* Your objective
Restate the entries below exactly, and keep all images out of the answer.

* Record extracts
-=-=-=-=-
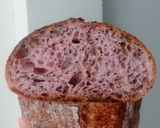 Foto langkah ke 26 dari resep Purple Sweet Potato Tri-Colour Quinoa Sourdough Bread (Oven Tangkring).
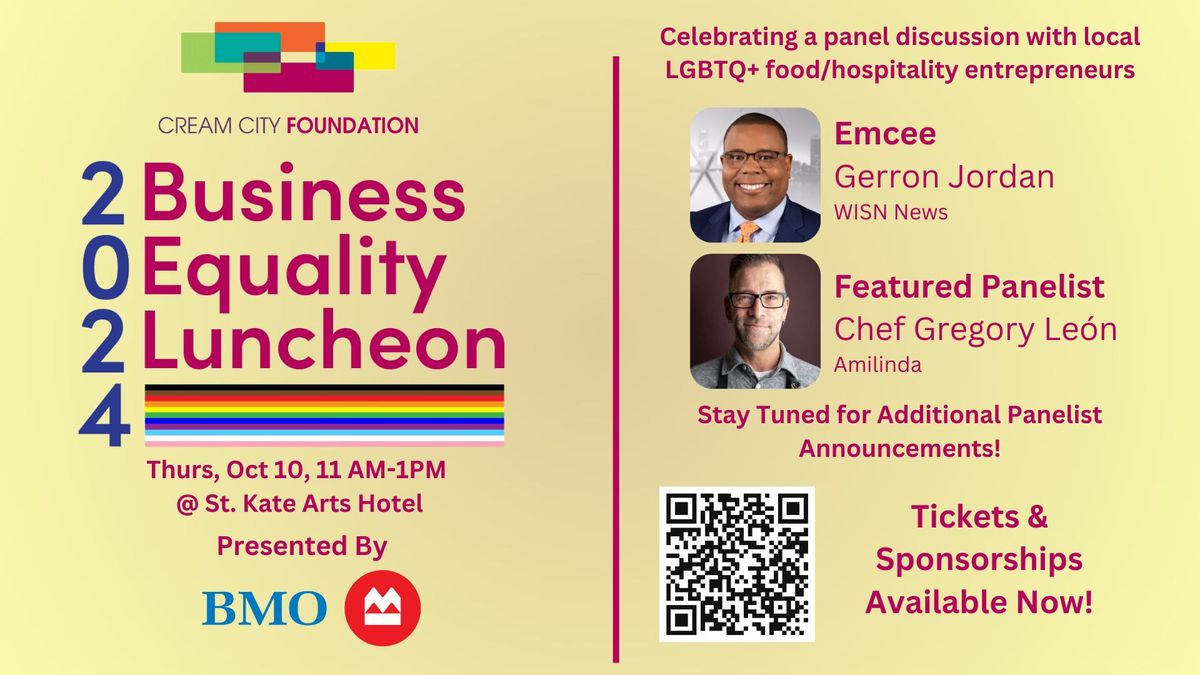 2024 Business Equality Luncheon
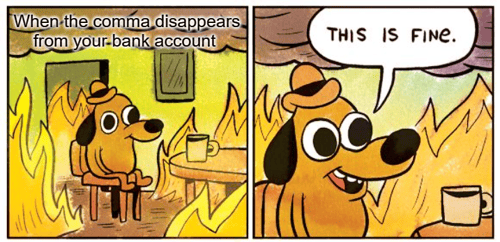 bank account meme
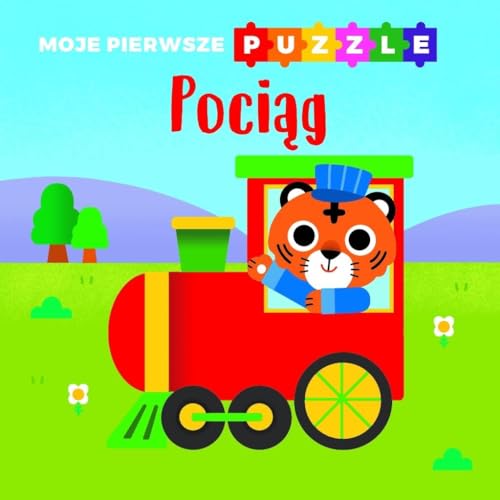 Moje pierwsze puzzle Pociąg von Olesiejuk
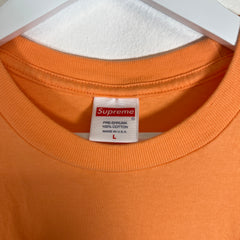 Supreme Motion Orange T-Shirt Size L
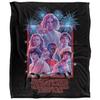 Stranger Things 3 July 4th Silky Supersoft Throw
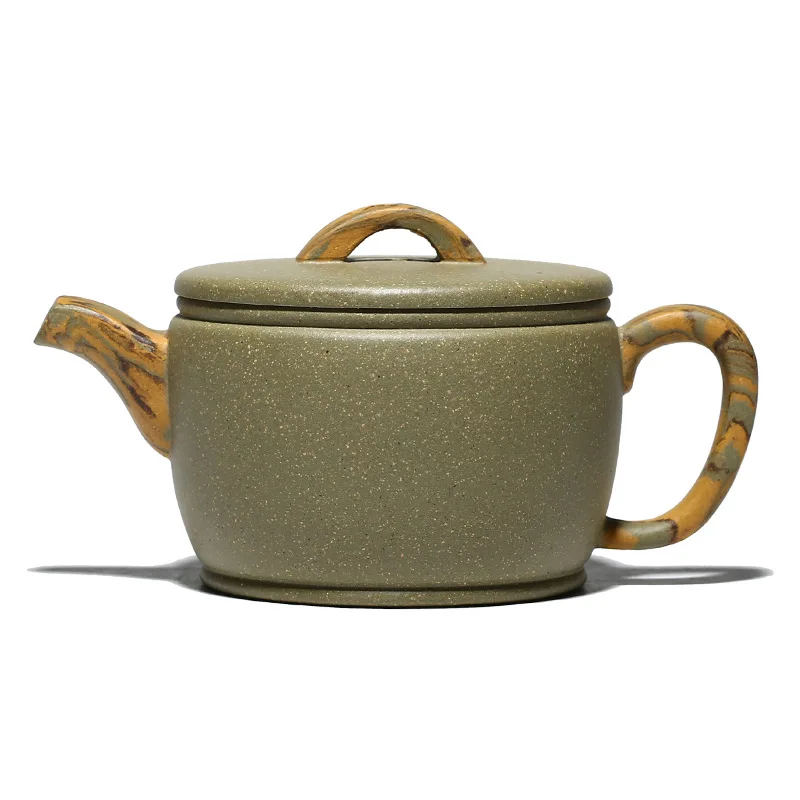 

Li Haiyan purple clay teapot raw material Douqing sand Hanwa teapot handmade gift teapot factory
-=-=-=-=-
* Your solution
 Foto langkah ke 26 dari resep Purple Sweet Potato Tri-Colour Quinoa Sourdough Bread (Oven Tangkring).
 2024 Business Equality Luncheon
 bank account meme
 Moje pierwsze puzzle Pociąg von Olesiejuk
 Supreme Motion Orange T-Shirt Size L
 Stranger Things 3 July 4th Silky Supersoft Throw

Li Haiyan purple clay teapot raw material Douqing sand Hanwa teapot handmade gift teapot factory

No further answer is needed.